Hay un libro bastante interesante que se titula El libro de las causas, que no se sabe quién escribió y que podría ser del siglo IX o X en Bagdag, o del siglo XII en España. Este libro estaría basado en las ideas de Aristóteles, y sería el origen de la habitual frase de que cada efecto tendría una causa.
Es decir, algo que la creencia medieval de los actos milagrosos no aceptaría: que dios no podría hacer nada que fuera en contra del propio orden que él habría establecido.
Además, el concepto aristotélico del móvil primigenio (la causa primera, lo que permanecería inmóvil, sin cambio e impersonal) tampoco sería realmente compatible con el concepto cristiano de un dios que interviene en los asuntos humanos a través de los milagros.
Por otra parte, el Universo, según Aristóteles sería esférico y eterno, con lo que la idea de la creación cristiana tampoco tendría cabida en la filosofía aristotélica.
Eso sí, los que "tradujeron" los textos de Aristóteles al latín ya se encargaron de que "dijeran" lo que debía, para ajustarse al cristianismo. Y se le llamó escolástica.
Por ejemplo, a partir de los conceptos aristotélicos, Tomás de Aquino se sacó de la manga sus famosas pruebas de la existencia de dios. Ya desde la primera, tergiversando completamente el concepto de móvil primigenio o causa inicial, identificándolo directamente con dios. Así con un par, convirtiendo por cojones la esfera celeste más exterior de la cosmología de Aristóteles en el cielo cristiano.
Las ideas de Aquino fueron aceptadas con gran entusiasmo por la cristiandad, aunque ya desde el principio hubo excepciones. Allá por el siglo XIV William de Ockham, por ejemplo, rechazó las ideas de Aristóteles (y su parasitación cristiana) sobre el movimiento, razonando sobre el concepto de impetus.
La idea del impetus prescindía de la necesidad de contacto entre un impulsor y el objeto que se movería, para que este siguiera moviéndose. Según Ockham una vez iniciado el movimiento, el propio objeto tendría dentro de sí la capacidad para seguir moviéndose. Es lo que hoy en día los estudiantes de ciencias aprenden como momento de inercia.

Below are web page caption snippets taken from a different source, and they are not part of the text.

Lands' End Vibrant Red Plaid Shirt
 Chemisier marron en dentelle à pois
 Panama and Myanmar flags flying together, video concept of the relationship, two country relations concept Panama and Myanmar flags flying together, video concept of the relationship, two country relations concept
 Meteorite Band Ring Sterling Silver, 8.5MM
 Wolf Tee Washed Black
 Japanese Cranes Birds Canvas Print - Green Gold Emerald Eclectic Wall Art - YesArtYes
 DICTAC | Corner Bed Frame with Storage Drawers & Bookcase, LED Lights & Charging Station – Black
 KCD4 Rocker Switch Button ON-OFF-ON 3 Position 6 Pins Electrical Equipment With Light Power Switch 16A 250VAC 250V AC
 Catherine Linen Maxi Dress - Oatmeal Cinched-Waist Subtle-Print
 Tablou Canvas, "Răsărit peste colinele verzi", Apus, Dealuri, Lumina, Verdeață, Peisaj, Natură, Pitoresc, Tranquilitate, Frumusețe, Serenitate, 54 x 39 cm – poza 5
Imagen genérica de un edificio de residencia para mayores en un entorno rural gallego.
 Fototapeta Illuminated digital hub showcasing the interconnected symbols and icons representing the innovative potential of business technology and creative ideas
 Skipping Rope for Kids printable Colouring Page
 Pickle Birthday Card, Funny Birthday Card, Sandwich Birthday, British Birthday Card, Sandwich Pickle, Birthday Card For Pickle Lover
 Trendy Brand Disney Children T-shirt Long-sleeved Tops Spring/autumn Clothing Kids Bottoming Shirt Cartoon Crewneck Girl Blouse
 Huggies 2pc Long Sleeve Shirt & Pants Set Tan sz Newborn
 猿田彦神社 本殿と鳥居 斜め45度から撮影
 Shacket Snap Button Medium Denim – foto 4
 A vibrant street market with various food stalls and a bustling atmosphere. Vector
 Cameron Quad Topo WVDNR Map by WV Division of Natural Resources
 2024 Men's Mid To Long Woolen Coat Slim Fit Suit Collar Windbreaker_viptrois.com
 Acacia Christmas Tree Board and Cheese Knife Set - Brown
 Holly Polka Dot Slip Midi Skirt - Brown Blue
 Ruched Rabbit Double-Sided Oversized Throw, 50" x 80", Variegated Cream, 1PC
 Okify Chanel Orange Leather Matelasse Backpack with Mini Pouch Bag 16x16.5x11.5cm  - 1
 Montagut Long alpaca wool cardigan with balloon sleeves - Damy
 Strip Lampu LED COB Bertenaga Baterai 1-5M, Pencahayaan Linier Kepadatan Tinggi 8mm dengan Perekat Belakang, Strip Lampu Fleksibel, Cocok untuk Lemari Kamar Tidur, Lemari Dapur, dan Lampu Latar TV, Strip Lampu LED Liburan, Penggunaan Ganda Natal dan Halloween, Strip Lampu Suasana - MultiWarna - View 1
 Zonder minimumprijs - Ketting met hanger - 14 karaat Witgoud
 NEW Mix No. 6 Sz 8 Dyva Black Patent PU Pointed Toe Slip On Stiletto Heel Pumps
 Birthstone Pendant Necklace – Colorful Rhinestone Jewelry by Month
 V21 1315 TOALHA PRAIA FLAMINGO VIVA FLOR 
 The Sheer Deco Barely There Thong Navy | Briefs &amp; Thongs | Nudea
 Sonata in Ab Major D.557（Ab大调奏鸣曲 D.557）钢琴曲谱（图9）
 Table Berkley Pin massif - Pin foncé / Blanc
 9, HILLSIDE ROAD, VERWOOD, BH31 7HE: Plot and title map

También Ockham, a pesar de lo mal que se la ha interpretado, rechazaba fiarse exclusivamente del razonamiento puramente lógico. Habría, además, que usar las propiedades físicas obervables. Es decir, la falsabilidad de la intuición (aunque fuese sobre lo obvio) y de las explicaciones sólo lógicas.
A diferencia de la afirmación aristotélica de que las ideas y pensamientos eran una forma de materia real y objetiva, Ockham sostenía que la realidad debía basarse en la tangibilidad en el espacio y el tiempo, no en la lógica metafísica.
De ahí salió una máxima, conocida como la navaja de Ockham o principio de la parsimonia (siendo parsinomia el término latino para economía, en el sentido de usar menos): entia non sunt multiplicanda praeter necessitatem (algo así como que las cosas no deben multiplicarse más allá de lo necesario.
Una sentencia que se suele usar como que entre varias teorías científicas, considerando todos los demás factores iguales, se escogerá como más probablemente cierta (no como la realmente cierta) la que requiera la menor cantidad de supuestos.
Este es el principio de parsimonia, usado para refutar la necesidad de modelos complejos repletos de entidades y explicaciones sofisticadas para describir la realidad (por ejemplo, las veintitantas esferas que explicarían el movimiento de las estrellas o un dios todopoderoso, onmisciente y omnipresente).
Otra de sus sentencias era: Nulla pluralitas est ponenda nisi per rationem vel experientiam vel auctoritatem illius, qui non potest falli nec errare, potest convinci (algo como, no se debe asumir una pluralidad a menos que se pueda probar por la razón, la experiencia o por una autoridad infalible; lo que no puede ser erróneo o falso, debe convencer).